Last night it was drizzling and I was outside finishing up some planting and suddenly heard a rushing sound
coming from the backyard and I ran back just in time to see a 150 year old tree split in half and fall to the ground.
Luckily, no one had been around and the only casualty was someone's dilapidated old shed. This massive tree must have
just given up after all these years, the light rain was too much or perhaps it had outgrown the creek bed below.
It has been raining quite a bit the last few days, so maybe the water got high enough and it eroded the last of the tree's
hold on the earth below. Being me, I can't help but find it a bit poetic, water being both a giver and taker of life in this situation.

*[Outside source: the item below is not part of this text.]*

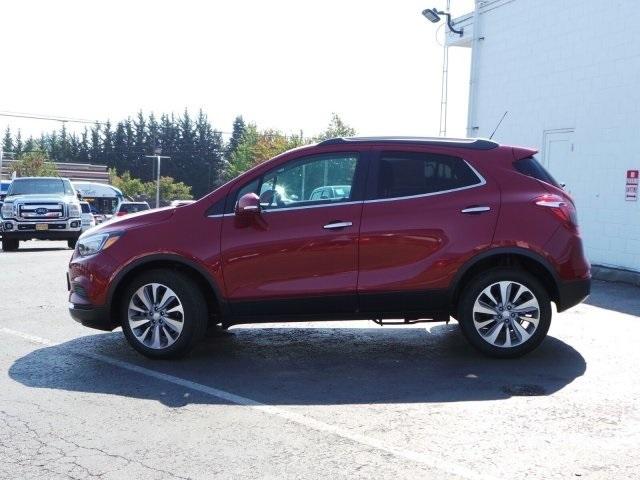 27137-buick-encore-2019-4jm76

So that is what I thought about while finishing up my planting and then returned inside to my boys and made a
favorite quick meal - sheet pan pierogies and sausage - perfect for rainy days and contemplating life's duplicities (there was beer too).

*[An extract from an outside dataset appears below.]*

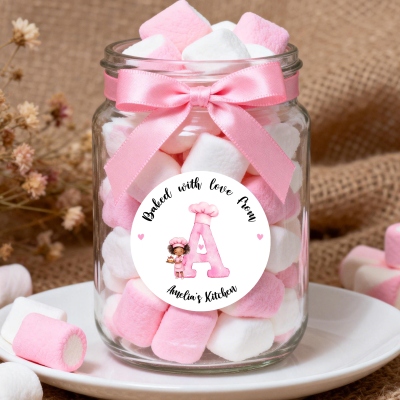 Geburtstagsgeschenk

Sheet Pan Sausage and Pierogies
Easy recipe for sheet pan sausage, pierogies, cabbage and roasted garlic bulbs. By Marysmaking
Prep time: - Cook time: - Total time: Yield:4S
-1lb sausage links of choice
- 1lb pierogies
- 1/2 small - med cabbage
- 5-6 garlic bulbs
- 1/4 cup fresh parsley
- salt & pepper
- olive oil
Preheat oven to 425F and cover rimmed baking sheet with parchment paper.
Slice cabbage into about 1/4 - 1/2 inch ring sections and place on baking sheet.
Remove outer most peels of garlic skin, leaving the innermost 2, then chop off the tops and place on baking sheet - cut side up.
Drizzle olive oil over cabbage slices and pour about 2t of olive oil into the garlic bulbs.
Place sausage links on baking sheet spaced apart.
Take pierogies (frozen is fine) and scatter over baking sheet.
Then drizzle more olive oil over pierogies and sausage and then salt and pepper over all.
Tear parsley leaves and scatter generously over pan.
Bake in oven for about 30 minutes (until sausage is done).